Fortunately, instead of relying on misleading analyses of non-existent proposals pushed by Big Oil and its allies in Congress, we can rely on independent, non-partisan analyses of actual climate proposals before the Congress. All of these actual analyses demonstrate that comprehensive clean energy and climate legislation is affordable. And even more wide-ranging examinations that also consider the benefits of potential legislation show that the potential benefits of clean energy legislation far outweigh the modest costs. Here’s a summary from Progressive Media USA outlining what these independent, non-partisan analyses have concluded:

Recently, the Wall Street Journal reported that the benefits of Waxman-Markey greatly outweigh the costs. The Journal highlights a new cost-benefit analysis of the House bill by the New York University Law School’s Institute for Policy Integrity.

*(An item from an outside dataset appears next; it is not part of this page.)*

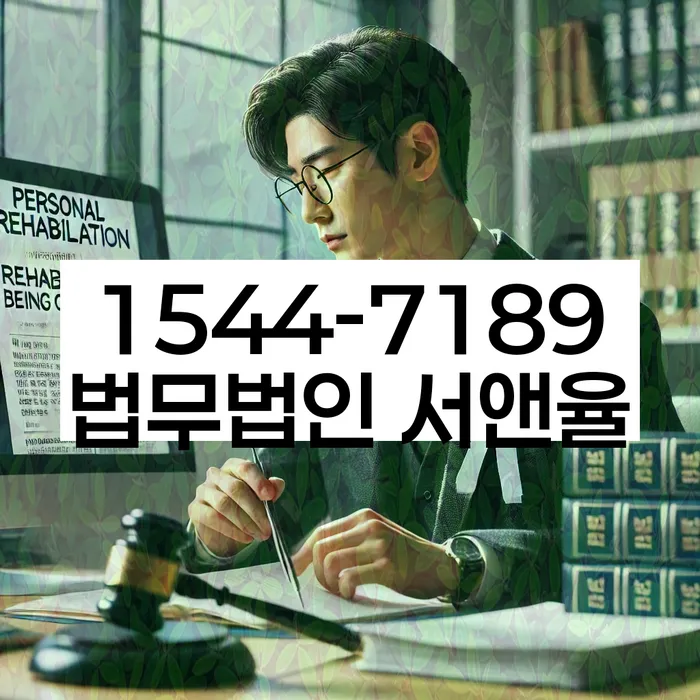 개인회생일시변제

  • The NYU study finds that finds that the benefits outweigh the costs by 9:1 .
  • Based on a middle-of-the road estimate, potential benefits add up to about $1.5 trillion over the next 40 years.

Conservative attacks on the high costs of a clean energy bill are off-base. Analyses of Waxman-Markey consistently show modest costs.

  • The Congressional Budget Office estimates that on average, consumers will face the cost of about the same as a postage stamp per day.
  • The Environmental Protection Agency estimates even lower average costs between $98 and $140 from 2010 through 2050.
  • The Energy Information Administration predicts families could spend up to $114 annually by 2020, or less than $10 per month per household.
  • Low-income consumers would receive $40 per year in 2020.

As the Wall Street Journal points out, the NYU study “doesn’t include extra benefits””cleaner air from a cleaned-up power sector.” Indeed, the analyses above also ignore benefits of climate change legislation, such as savings from reduced energy demand and the creation of clean energy jobs.

  • The American Council for an Energy-Efficient Economy projects that Americans could save $750 per household by 2020 and $3,900 by 2030.
  • The Alliance to Save Energy estimates that energy efficiency measures alone can create over 100,000 jobs over the next two years and reduce U.S. carbon dioxide emissions by nearly 200 million metro tons.
  • Investing $150 billion in clean energy would create around 1.7 million new jobs, which is why the clean energy bill being debated has the support of labor unions .
  • A University of Massachusetts study found that investing in clean energy projects creates three-to-four times more jobs than the same expenditure on the oil industry.